何度やってもミルの剣を眼で追うことが出来ない。偶然防いでも、矢継ぎ早に白い一撃が俺を襲った。


「アキラ、大丈夫…?」


「平気……ッ……ミル、もう一回頼む」


これで何十回目になるだろうか。

吹き飛ばされてはまた立ち上がるの繰り返し。そんな全くの成長が見られない俺の稽古に付き合ってくれるミルには感謝しかない。


「アキラ…怪我してる」


「こんくらい…なんてこと無い…!もう一回」


アザや切り傷は腕や頬に無数にある。

だがそんなのどうでもいい。そんな小さな傷程度で折れていては、俺はこの世界を生きてはいけない。








「もう一回…!」


「………もう暗い。続きはまた明日にしよう」


「で、でも──」


「足腰もフラフラ。そんなんじゃ体を痛めるだけで何も学べない。…ね?明日またやろう」


「……そう…だな」


いつより暗い時間。山の森は既に薄暗くなってきている。

そんな時間になるまで打ち合ったが、俺は一度足りともミルの攻撃を、【終雪】を反応する事が出来なかった。


「…じゃあね、アキラ。また明日」


「……うん、また…」


帰っていくミルを見送り、俺は拳を強く握りしめた。悔しくて、情けなくて。浮かれていた自分を殴り飛ばしたい程に、ただただ情けなかった。

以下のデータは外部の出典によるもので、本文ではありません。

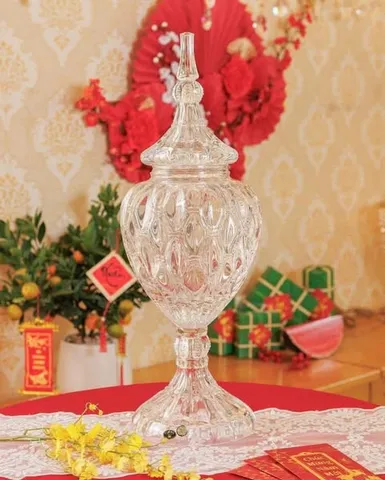 Âu Pha Lê Nắp Cao Bohemia Crystal 55cm - Tô Sang Trọng, Thanh Lịch Phong Cách Châu Âu - Quà Tặng Cao Cấp, Trang Trí Đẳng Cấp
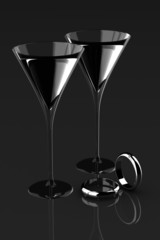 Wedding ring and martini glass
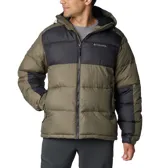 Campera puffer Columbia Pike Lake II Hooded para hombre, color verde oliva y negro. Cuenta con tecnología Omni-Heat Reflective, capucha ajustable, bolsillos con cierre y puños elásticos.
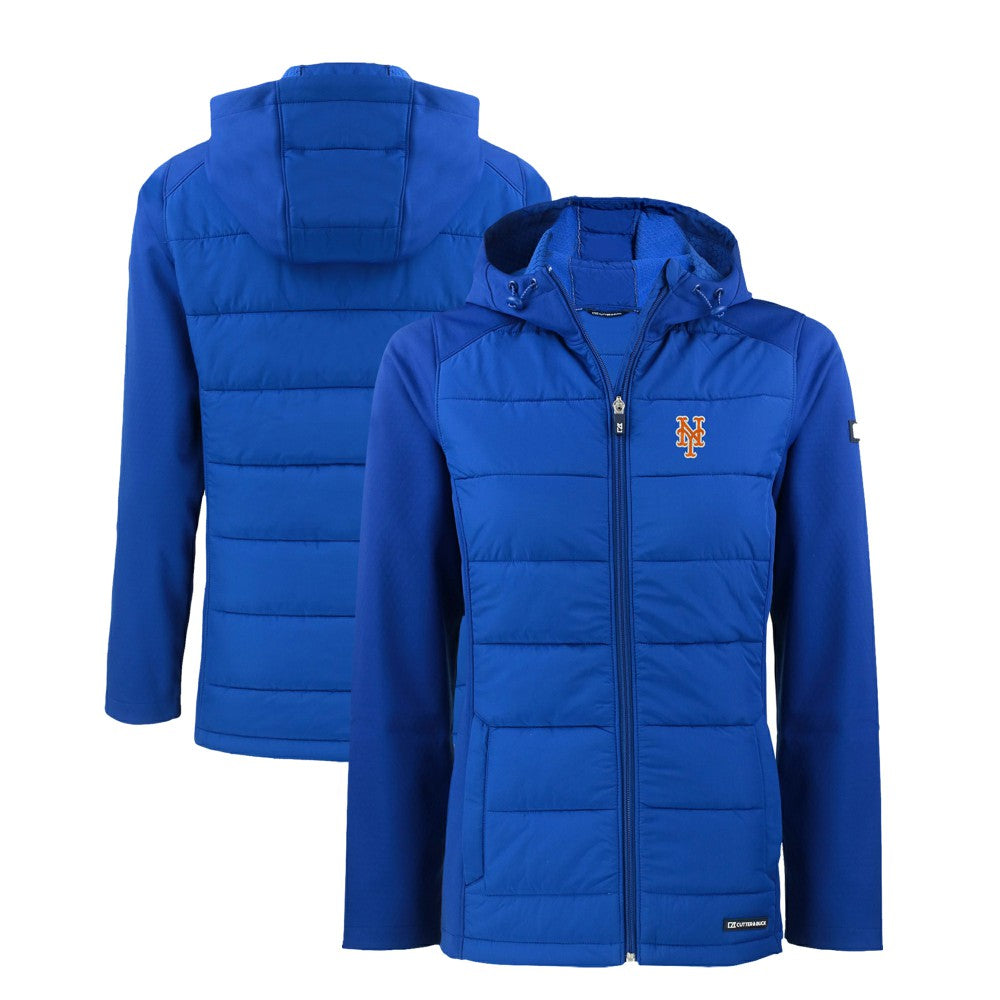 New York Mets Cutter & Buck Women's Evoke Hybrid Eco Softshell Recycled Full-Zip Hoodie Jacket - MLB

自分が今までしてきた事は決して無駄ではなかった。だがまだ足りなかった、ただそれだけ。



「ッ…!」


もっと強くなる。


今日ほどそう強く想った程は無いほどに、俺の心の中に火が灯った。それは胸を焼き付くす程の強い想い。












名前:テンドウ・アキラ

種族:人族(ヒューマン)

魔法:[火花(ヒバナ)]

スキル:[背水の陣][限界突破(オーバーロード)][斧熟練Ⅱ][弓術Ⅰ][逃走Ⅲ][激情]

加護:[治癒の女神・リコスの祝福]




[激情]

感情の強さによって、戦闘能力が上下する。


取得条件

激しい沸き上がる感情。強い覚悟と意思。